Since the 0 and the secondary main windings 55 and 56 are not sufficiently fixed, there is a problem that the dimensions after bending and cutting work are likely to vary.

Further, in the structure of FIGS. 12 to 15 showing the conventional example 2, the divided primary main windings 52 and 53 wound in one layer winding, and the divided secondary main windings 55 and 55, 56 are respectively stacked and arranged, and the primary main windings 52, 53 and 2
Although the secondary main windings 55 and 56 are completely alternately laminated, the lead wire is folded back from the inside of the primary main windings 52 and 53, so that a gap is created between the windings and the coupling between the windings is made. And the leakage inductance increases, and the loss due to this leakage inductance increases. Furthermore, since the lead wire is folded back from the inside of the primary main winding,
This step has a problem that the height of the transformer is increased. Further, in the production process, there is a problem that work efficiency is deteriorated in the stacking and assembling process due to rattling due to the step of the lead wire of the primary main winding.

In addition, in the structure of FIG. 16 showing the conventional example 3, in order to easily perform the bending and cutting steps of the secondary main windings 55 and 56, the entire laminated coil is sealed with an insulating resin and laminated. Since the molded coil 62 in which the coil and the secondary main windings 55 and 56 are sufficiently fixed is used, there is a problem that a large amount of investment such as a molding die and molding equipment is required in the production process. It was

The present invention is intended to solve the above-mentioned problems, and has a low leakage inductance and a low transformer height.
The purpose of the present invention is to provide a thin transformer that has good work efficiency in the production process and is inexpensive.

[0016]

In order to solve the above-mentioned problems, the thin transformer of the present invention uses a laminated coil divided into a plurality of primary coil or secondary coil.
A two-layer winding in which the first and second layers are continuously wound into a two-layer winding without cutting in the middle, and the first layer and the second layer are moved on the side opposite to the lead wire of the coil. A primary or secondary main winding formed of a thin plate-shaped conductor having an opening between the first and second layers of the spiral coil, the opening facing the lead wire of the two-layer spiral coil. Sandwich either of them to form a laminated coil, and 2
The transition from the first layer to the second layer of the layer-wound spiral coil is performed by an opening provided in a thin plate-shaped conductor, and a magnetic core is incorporated from above and below the laminated coil.
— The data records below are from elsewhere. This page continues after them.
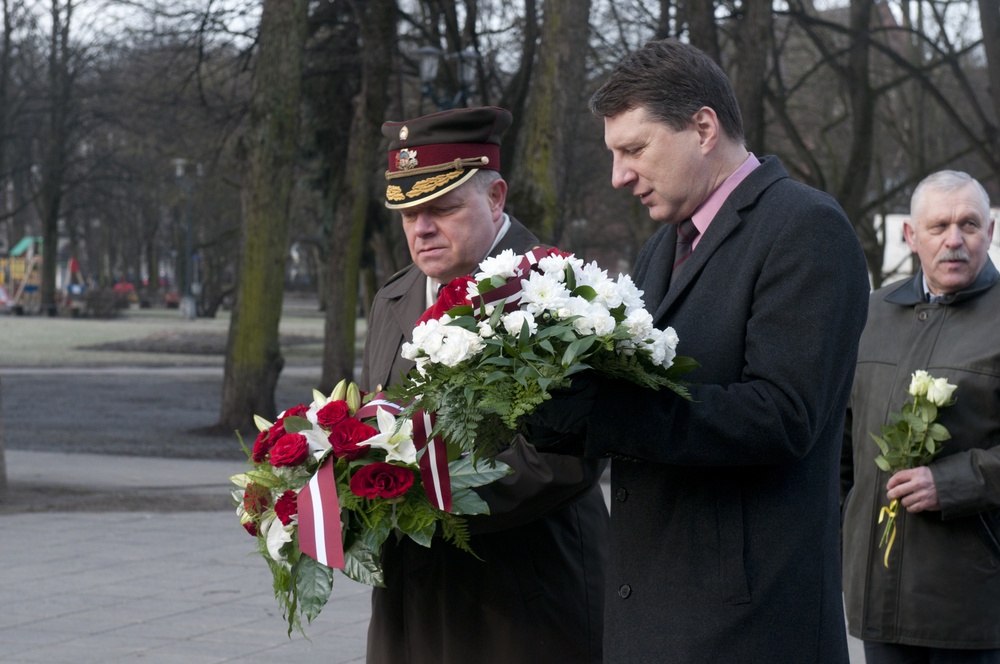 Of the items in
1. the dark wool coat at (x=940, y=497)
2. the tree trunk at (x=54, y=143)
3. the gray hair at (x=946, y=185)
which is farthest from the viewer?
the tree trunk at (x=54, y=143)

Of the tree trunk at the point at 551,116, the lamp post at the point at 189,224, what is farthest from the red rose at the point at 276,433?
the lamp post at the point at 189,224

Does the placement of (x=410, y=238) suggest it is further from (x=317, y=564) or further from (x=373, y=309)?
(x=317, y=564)

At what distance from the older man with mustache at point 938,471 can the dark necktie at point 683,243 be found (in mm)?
1602

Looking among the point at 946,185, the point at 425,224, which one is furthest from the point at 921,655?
the point at 425,224

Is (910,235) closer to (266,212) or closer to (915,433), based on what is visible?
(915,433)

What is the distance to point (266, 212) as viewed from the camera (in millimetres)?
16141

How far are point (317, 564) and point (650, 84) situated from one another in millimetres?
1169

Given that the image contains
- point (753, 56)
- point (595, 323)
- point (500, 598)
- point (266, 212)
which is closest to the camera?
point (595, 323)

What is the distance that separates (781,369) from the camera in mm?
2508

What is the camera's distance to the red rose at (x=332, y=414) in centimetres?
305

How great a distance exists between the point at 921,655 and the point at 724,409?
2162 mm

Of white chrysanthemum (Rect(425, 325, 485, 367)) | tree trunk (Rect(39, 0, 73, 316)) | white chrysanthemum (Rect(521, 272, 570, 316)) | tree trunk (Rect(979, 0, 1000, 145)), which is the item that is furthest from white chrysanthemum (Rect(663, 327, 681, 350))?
tree trunk (Rect(39, 0, 73, 316))

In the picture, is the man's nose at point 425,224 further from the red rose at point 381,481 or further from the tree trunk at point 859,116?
the tree trunk at point 859,116

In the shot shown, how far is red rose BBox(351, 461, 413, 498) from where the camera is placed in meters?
2.91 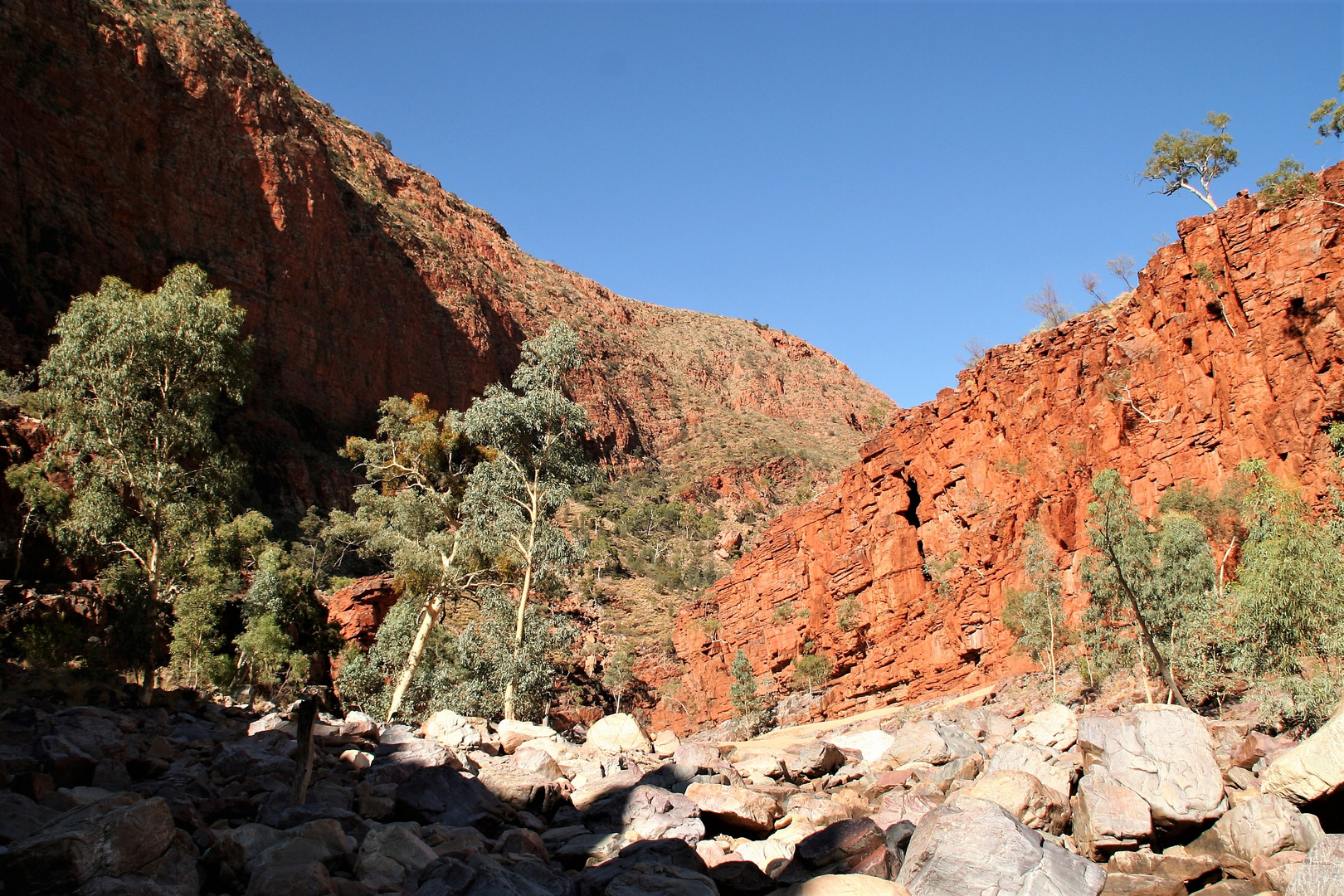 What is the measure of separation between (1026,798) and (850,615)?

With the above structure, a thin plate-shaped coil is formed between the first and second layers of the two-layer spiral coil in which the first and second layers are continuously wound into two layers without cutting in the middle. The primary main winding and the secondary main winding can be completely alternated by being formed by sandwiching the conductor of No. 1, and a gap and a step between windings due to folding of the lead wire can be eliminated. it can.

Further, the laminated coil is laminated on the coil base, and the cover is used to sandwich and fix the laminated coil and the thin plate-shaped conductor to obtain sufficient fixing strength between the coil base and the thin plate-shaped conductor. Because you can
The bending and cutting steps of the terminal portion can be easily performed. As a result, it is not necessary to seal the laminated coil with the insulating resin, so that expensive investment such as a molding die and molding equipment can be reduced in the production process.
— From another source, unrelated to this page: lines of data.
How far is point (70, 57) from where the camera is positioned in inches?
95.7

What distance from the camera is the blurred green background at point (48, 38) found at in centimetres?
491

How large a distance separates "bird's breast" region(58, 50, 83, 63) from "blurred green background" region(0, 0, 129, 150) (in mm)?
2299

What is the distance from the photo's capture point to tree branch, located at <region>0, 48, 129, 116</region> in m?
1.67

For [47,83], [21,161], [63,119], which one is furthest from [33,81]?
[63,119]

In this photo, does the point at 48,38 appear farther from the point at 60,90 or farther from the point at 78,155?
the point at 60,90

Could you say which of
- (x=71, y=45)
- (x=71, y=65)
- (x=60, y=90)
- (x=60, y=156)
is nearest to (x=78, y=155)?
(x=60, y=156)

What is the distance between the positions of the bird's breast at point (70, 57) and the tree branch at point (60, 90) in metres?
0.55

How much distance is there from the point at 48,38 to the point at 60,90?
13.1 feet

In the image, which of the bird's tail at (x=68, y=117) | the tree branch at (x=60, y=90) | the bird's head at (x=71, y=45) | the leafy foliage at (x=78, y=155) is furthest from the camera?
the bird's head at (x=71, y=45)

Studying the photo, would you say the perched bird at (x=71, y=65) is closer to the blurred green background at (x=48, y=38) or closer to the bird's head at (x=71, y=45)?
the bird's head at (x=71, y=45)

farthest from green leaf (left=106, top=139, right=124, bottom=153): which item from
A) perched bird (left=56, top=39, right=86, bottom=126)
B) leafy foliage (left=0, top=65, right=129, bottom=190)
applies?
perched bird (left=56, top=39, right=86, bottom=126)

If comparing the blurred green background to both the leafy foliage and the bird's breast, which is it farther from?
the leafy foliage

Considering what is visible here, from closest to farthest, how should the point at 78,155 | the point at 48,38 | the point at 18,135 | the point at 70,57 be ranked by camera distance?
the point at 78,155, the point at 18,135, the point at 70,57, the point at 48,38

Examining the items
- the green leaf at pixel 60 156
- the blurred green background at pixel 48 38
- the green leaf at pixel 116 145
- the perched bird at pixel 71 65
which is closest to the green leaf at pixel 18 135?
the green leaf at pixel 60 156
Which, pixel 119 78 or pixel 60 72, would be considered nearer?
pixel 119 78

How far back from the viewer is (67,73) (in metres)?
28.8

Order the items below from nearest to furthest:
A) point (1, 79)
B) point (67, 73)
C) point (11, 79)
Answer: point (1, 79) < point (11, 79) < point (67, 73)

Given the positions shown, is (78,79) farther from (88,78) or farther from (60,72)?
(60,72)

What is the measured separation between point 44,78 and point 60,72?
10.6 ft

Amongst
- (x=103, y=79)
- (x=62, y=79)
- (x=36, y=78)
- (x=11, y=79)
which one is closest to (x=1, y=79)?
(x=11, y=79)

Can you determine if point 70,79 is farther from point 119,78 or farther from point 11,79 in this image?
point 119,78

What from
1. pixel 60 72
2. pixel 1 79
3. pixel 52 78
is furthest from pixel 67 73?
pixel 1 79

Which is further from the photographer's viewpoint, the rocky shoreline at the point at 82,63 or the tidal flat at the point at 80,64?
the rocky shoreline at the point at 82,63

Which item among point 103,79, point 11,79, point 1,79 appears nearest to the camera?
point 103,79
As a result, the leakage inductance is small,
The height of the transformer can be made low, and it is possible to provide an inexpensive thin transformer with good work efficiency in the production process.

[0020]

BEST MODE FOR CARRYING OUT THE INVENTION According to the first aspect of the present invention, in a laminated coil divided into a plurality of layers, either the primary or secondary main winding is provided in the first and second layers. The first layer of the two-layer spiral coil in which the coil is continuously wound in a two-layer winding without cutting in the middle, and the first layer moves to the second layer on the side opposite to the lead wire of the coil. And 2
A laminated coil is formed by sandwiching either a primary or secondary main winding formed of a thin plate-shaped conductor having an opening on the side facing the lead wire of the two-layer spiral coil between the layers. The formation and transition of the two-layer spiral coil from the first layer to the second layer is performed at the opening provided in the thin plate conductor, and further from above and below the laminated coil,
It is formed by incorporating a magnetic core and has a primary main winding and 2
The next main winding can be completely laminated alternately, and gaps and steps between windings due to folding of the lead wire can be eliminated, which reduces leakage inductance and height of the transformer. Work efficiency can be improved even in the production process.

According to a second aspect of the present invention, in addition to the structure of the first aspect, the whole laminated coil is sealed and fixed with an insulating resin, and parts such as a coil base and a cover are unnecessary. As a result, the number of parts can be reduced.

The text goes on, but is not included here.